= Beginning of Section =

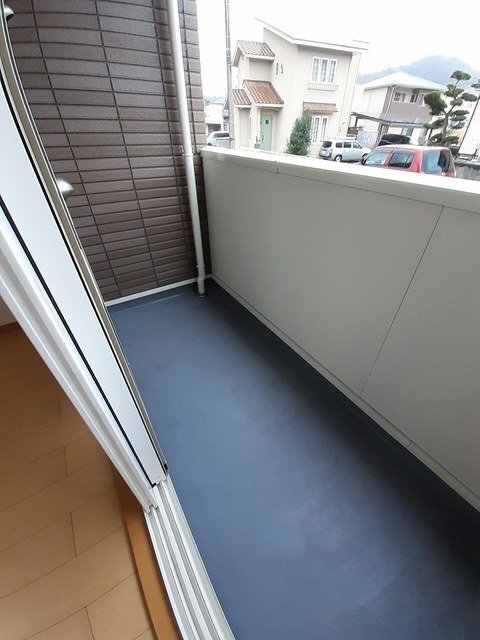 拡大写真:徳島市名東町3丁目 1階102のベランダ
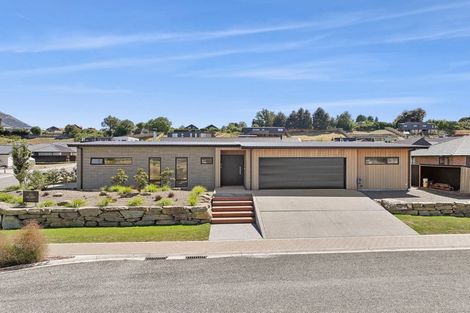 Photo of property in 2 Tomtit Crescent, Lake Hawea, Wanaka, 9382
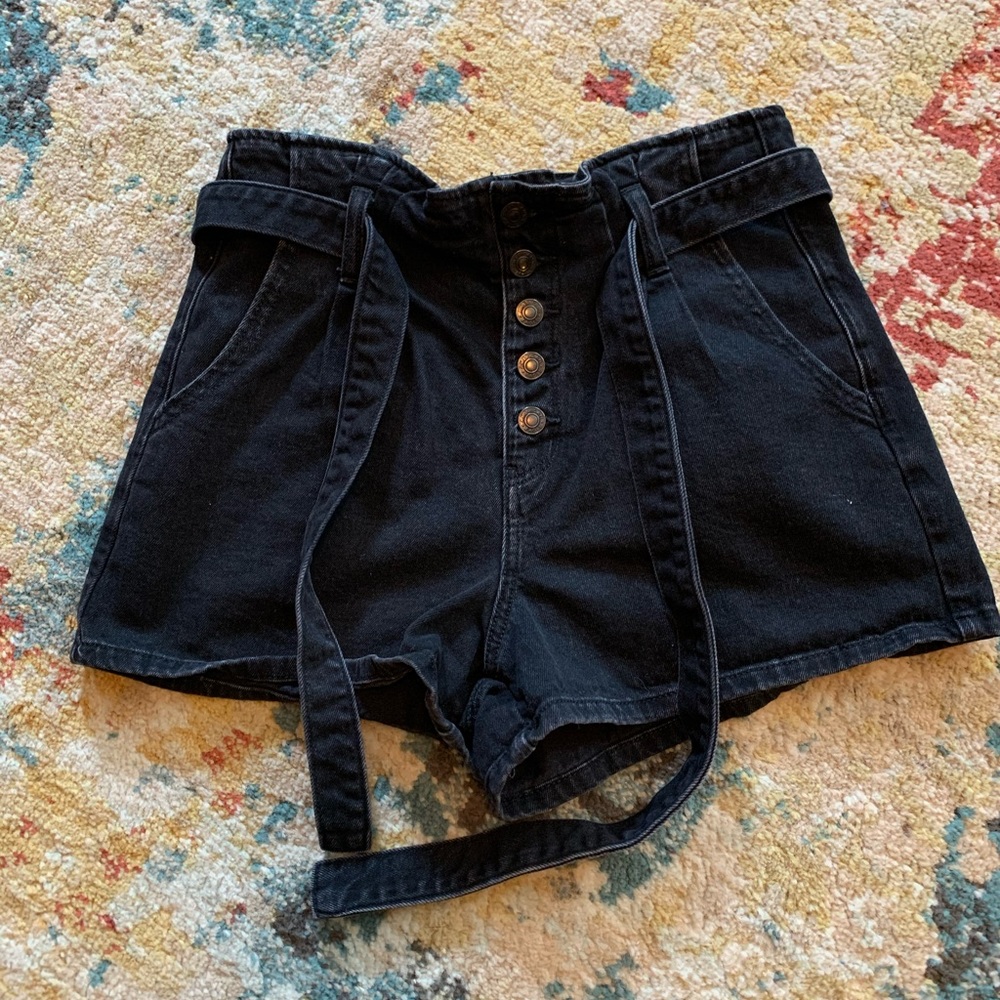 American Eagle high waist jean shorts with belt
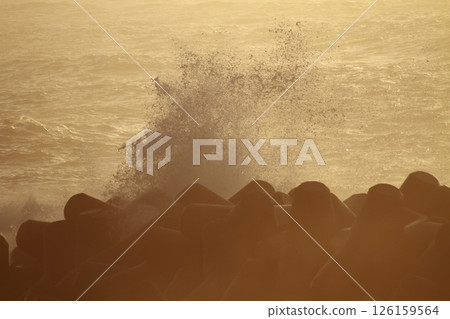 Waves crashing on Katsurahama Beach 126159564
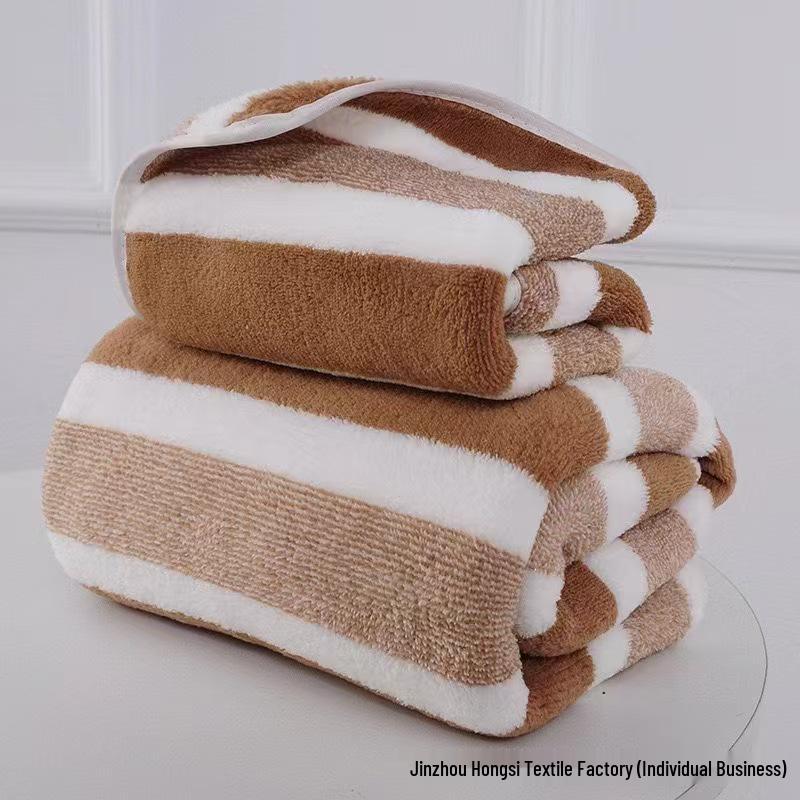 Zweifarbige gestreifte Korallenfleece Badetuch-Set - Weich & Saugfähig.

= End of Section =

**Problem to solve**
All entries above must be duplicated exactly; please omit any picture they hold.

**Solution below**
 拡大写真:徳島市名東町3丁目 1階102のベランダ
 Photo of property in 2 Tomtit Crescent, Lake Hawea, Wanaka, 9382
 American Eagle high waist jean shorts with belt
 Waves crashing on Katsurahama Beach 126159564
 Zweifarbige gestreifte Korallenfleece Badetuch-Set - Weich & Saugfähig.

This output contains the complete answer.